Il volto contrito da una smorfia di dolore della donna, mentre parlava di Lidia, si rilassò nuovamente, distendendosi in un dolce sorriso mosso dai ricordi.

«Nora era un ciclone, lo è sempre stata.
Era bella come il sole. Non che Lidia non lo fosse, ma Nora era di una bellezza rara.
Quanto mi ha fatto penare da bambina! Si nascondeva ovunque e io dovevo cercarla per tutta la villa e anche per i campi!
Era un demonio, ma non era cattiva, solo estremamente vivace.
Suo padre stravedeva per lei.
Era vispa, intelligente, furba.
Montefioralle le stava stretto, voleva vedere il mondo.
Così a vent'anni è partita, è andata a vivere a Londra, e io ero sempre in pena per lei.
Il padre, invece, aveva appoggiato quella scelta, forse perché non sapeva dirle di no»

In un attimo il tenue sorriso sulle labbra della Pina scomparve.
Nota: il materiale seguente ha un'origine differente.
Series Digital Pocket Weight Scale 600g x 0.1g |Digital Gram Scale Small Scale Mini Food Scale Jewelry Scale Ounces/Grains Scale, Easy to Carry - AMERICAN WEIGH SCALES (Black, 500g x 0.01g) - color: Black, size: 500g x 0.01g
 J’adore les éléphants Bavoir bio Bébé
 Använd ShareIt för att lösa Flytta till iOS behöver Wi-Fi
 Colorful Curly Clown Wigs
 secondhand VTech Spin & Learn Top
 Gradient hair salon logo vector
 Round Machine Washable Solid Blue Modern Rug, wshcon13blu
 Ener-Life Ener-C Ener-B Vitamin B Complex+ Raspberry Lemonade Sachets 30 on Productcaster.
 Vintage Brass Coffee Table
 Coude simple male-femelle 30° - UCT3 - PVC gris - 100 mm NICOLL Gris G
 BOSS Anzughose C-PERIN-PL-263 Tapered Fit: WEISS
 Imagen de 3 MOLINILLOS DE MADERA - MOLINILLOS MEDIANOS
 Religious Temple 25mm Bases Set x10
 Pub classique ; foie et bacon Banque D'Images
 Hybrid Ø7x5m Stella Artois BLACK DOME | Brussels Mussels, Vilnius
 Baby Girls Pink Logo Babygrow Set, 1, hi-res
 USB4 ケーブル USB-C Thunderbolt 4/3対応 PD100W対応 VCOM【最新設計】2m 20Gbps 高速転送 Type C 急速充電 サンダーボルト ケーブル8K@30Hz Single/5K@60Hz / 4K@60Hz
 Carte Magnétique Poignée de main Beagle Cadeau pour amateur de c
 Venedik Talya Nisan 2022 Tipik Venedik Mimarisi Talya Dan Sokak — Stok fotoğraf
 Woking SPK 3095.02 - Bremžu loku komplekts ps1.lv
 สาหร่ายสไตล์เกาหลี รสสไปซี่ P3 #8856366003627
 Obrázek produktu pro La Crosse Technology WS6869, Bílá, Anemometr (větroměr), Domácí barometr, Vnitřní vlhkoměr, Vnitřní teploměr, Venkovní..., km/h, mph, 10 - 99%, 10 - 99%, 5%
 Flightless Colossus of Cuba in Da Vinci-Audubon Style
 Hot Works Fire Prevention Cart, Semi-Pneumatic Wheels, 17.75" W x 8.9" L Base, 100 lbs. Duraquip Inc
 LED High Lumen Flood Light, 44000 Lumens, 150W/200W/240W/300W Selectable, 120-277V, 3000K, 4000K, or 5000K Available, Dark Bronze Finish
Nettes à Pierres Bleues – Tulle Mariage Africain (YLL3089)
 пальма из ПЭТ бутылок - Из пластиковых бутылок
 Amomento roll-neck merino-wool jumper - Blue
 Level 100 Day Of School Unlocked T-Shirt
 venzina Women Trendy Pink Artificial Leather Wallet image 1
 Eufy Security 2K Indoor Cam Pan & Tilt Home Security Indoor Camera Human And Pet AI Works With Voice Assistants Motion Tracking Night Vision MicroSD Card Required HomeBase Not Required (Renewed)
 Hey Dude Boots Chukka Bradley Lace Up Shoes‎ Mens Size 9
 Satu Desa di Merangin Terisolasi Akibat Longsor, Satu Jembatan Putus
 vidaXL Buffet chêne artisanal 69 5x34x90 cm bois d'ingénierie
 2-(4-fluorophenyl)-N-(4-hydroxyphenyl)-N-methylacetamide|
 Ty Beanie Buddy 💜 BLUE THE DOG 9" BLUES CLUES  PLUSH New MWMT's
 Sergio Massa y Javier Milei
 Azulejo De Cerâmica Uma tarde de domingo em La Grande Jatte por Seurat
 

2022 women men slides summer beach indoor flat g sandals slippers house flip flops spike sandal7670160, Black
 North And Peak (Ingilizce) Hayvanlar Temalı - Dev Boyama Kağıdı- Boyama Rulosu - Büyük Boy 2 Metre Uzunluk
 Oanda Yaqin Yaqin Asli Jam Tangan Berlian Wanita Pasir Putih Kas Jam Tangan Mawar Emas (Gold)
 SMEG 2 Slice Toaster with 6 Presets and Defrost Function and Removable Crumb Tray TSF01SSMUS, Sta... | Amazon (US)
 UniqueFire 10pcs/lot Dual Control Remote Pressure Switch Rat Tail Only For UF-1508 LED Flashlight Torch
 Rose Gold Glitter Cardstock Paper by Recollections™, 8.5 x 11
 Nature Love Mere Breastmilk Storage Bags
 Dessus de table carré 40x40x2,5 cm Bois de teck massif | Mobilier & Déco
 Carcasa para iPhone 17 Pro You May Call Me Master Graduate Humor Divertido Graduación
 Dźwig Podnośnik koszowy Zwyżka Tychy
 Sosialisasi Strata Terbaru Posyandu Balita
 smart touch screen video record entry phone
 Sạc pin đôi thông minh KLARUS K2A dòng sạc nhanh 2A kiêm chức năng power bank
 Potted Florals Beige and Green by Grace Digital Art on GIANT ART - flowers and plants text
«Quando poi il signor Carlo si è ammalato, Lidia si è dedicata totalmente a lui. E Nora ha cominciato a tornare più spesso per stare accanto al padre.
Povero signor Carlo, non si meritava di soffrire così»

«Cosa ha avuto?», chiese Milo.

«Un ictus. Gli ha tolto la parola e le gambe. L'era sempre stato un uomo attivo e, vederlo su quel letto, faceva male al cuore»

«È per questo che nostro padre si è trasferito a Montefioralle?», chiese Milo.

«Proprio così. Serviva qualcuno che se ne prendesse cura e Bruno lo ha fatto nel migliore dei modi fino all'ultimo»

«Ci può parlare un po' di nostro padre? Del periodo che ha trascorso lì a villa Alberti? Non conosciamo questa parte della sua vita», chiese Eva, pronunciando con fatica l'ultima frase.

Era difficile dover ammettere a una perfetta estranea che suo padre, un pezzo di lei, forse l'uomo più importante della sua vita, avesse deciso consapevolmente di nascondere quella parentesi della sua esistenza a lei e a suo fratello.
Era qualcosa di cui ancora non riusciva a capacitarsi e che viveva come un piccolo dolore.
Doveva esserci un motivo e sperava che, finalmente, la Pina fosse in grado di spiegarglielo.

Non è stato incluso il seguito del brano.